A cybercriminal group called RansomHub, composed of members of the BlackCat organization, which was previously involved in the hacking of Femsa, started operations in early 2024. These individuals managed to evade FBI raids aimed at dismantling their group. According to a cybersecurity expert, the attack on PCM is just the beginning of a series of planned cyberattacks by RansomHub in the coming months.
The group directly threatened major companies such as Coca-Cola, Bimbo, Walmart Mexico, and Heineken on their website, which has alerted authorities and the companies themselves. Despite having strong cybersecurity systems, these companies are at high risk of being attacked by RansomHub, which already has them in its sights.
Víctor Ruiz, CEO of the cybersecurity company Silikn, warned that after the hack on PCM, sensitive information from the company, as well as data and contracts from Coca-Cola, Bimbo, and Walmart Mexico, has been exposed. The access obtained to PCM's credentials endangers other mentioned companies, as cybercriminals could send emails with malware or ransomware to their systems.

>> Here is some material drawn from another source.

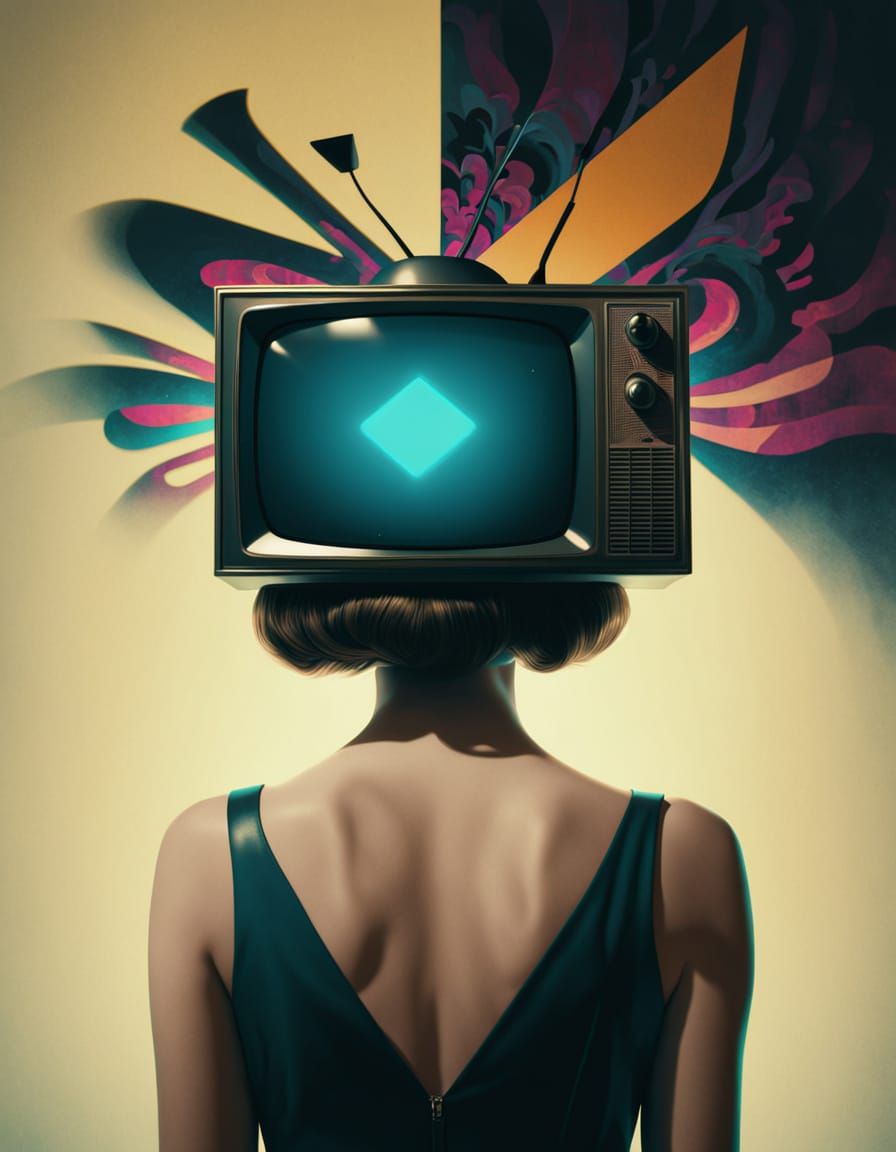 Surreal Person with TV Head in Film Noir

Ruiz explained that a cybercriminal could impersonate an employee of PCM and send an infected file to Coca-Cola, Bimbo, or their clients, which could result in the inadvertent installation of ransomware on their systems. Additionally, he recalled that RansomHub has previously attacked Femsa, indicating that they may attempt it again.
RansomHub, a group of hackers with connections in Russia and global reach, aims primarily to obtain economic benefits through their cyberattacks.